Women in Technology

Hear us Roar



Article:
  Squeezing NAT Out of Panther Server
Subject:   NAT on Panther Server with PPPoE
Date:   2003-12-14 06:50:10
From:   anonymous2
Response to: NAT on Panther Server with PPPoE

Apple has detailed instructions in Appendix B of the "Getting Started With Mac OS X Server 10.3" Guide to set up a small business Panther server on a DSL internet connection with NAT. It involves using the built-in ethernet and ethernet on a PCI card. (For detailed description on this configuration and step-by-step instructions see the Appendix).
--Don't ask me for my config --it is exactly like the one described in Appendix B.


Unfortunately, NAT doesn't work with Panther Server Server when you are connected to the internet via PPoE.


So, in my case where I have a DSL connection with a fixed address but picked up via PPoE (I input the user id and password and my fixed address gets dynamically assigned to my computer) it was impossible to use NAT.
i.e. any computers on the local 192.168 addresses cannot access the internet.


After about 25 hours of trial and tribulation --and getting steered in the right direction by Dr. Ashley Aitken-- I have finally found the solution. It involves two small changes to Apple's instructions.


As Ashley intuited, the divert command that the GUI creates diverts traffic to the what Apple calls the External interface ("en0" if you are using the built-in Ethernet). The problem is that when PPoE is active the External interface is really "ppp0".


It is necessary to change this by editing the "natd.plist" file. And one must take care to NOT use the Server Admin to select an interface for NAT since this can change the setting back to "en0".


Here is what to do:


1) After installing the software and configuring the ports but before firing up the Server Admin (GUI) you need to edit the "natd.plist". You can use Terminal and Vi or Pico to do this but since I am mostly allergic to the Command Line interface I used BBEdit. You will need BBEdit 6.5 or higher to edit a hidden/invisible file.


2) Using BBEdit, use Open Hidden from the File Menu and navigate to "Macintosh HD/etc/nat/natd.plist". Look for the text:
"<key>interface</key>
"<string>en0</string>"


Change "en0" to "ppp0" and save the file.

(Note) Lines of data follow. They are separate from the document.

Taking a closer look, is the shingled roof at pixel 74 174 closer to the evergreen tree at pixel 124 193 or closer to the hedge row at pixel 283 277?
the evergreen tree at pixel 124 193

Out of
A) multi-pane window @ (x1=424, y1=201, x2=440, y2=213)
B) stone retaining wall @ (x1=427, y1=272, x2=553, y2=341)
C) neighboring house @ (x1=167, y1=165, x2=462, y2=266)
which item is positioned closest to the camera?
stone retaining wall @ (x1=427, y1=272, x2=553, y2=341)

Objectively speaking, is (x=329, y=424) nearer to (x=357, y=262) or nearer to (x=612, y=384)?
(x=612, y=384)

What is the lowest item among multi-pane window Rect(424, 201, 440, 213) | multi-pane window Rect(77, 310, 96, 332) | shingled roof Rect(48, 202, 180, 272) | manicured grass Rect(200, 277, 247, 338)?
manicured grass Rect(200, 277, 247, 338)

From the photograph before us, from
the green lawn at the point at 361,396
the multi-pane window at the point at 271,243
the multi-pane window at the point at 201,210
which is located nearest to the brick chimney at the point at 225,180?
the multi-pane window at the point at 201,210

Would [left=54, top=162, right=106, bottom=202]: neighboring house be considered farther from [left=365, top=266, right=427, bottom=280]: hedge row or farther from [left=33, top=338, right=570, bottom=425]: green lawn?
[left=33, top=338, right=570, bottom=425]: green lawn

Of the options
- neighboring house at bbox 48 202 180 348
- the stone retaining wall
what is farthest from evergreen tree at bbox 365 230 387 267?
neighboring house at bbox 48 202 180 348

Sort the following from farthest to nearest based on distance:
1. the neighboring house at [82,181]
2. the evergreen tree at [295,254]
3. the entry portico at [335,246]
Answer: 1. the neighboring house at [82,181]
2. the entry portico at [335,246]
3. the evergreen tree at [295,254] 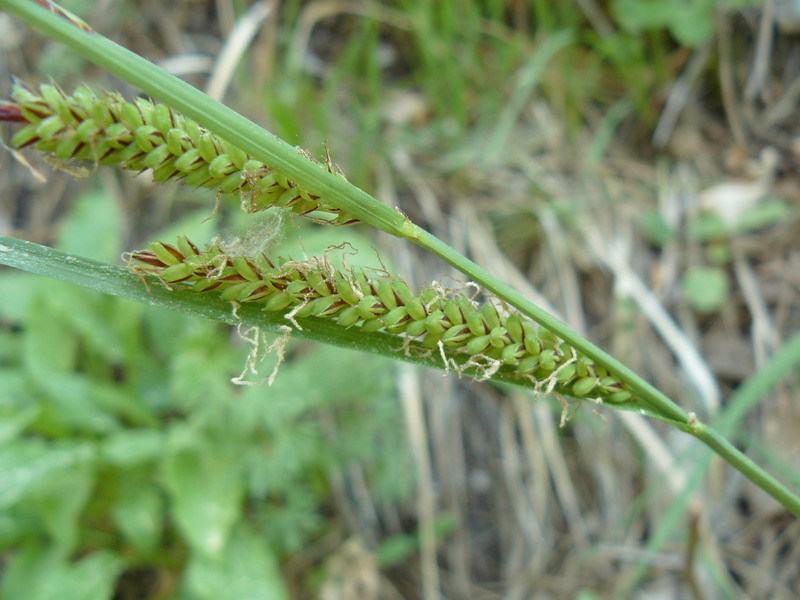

3) If there is already a file in the "nat" folder called "natd.plist.default" you should open it too and make the same change.


4) Now fire up Server Admin and make the step by step config changes to start FireWall, DNS, DHCP and NAT.


NB. When you start NAT you will probably notice that the interface that it is sharing is the "en1" PCI Ethernet card which you are using for internal network 192.168.*.*
This is counter intuitive to say the least because you really want to share the external interface.


**Nevertheless, resist the urge to change this back. DON'T click that NAT interface pop-up!**


Just turn on NAT and it should be working even though it says it is sharing the wrong interface and it will survive a restart as long as you don't play with the NAT interface Pop-up menu in the Server Admin.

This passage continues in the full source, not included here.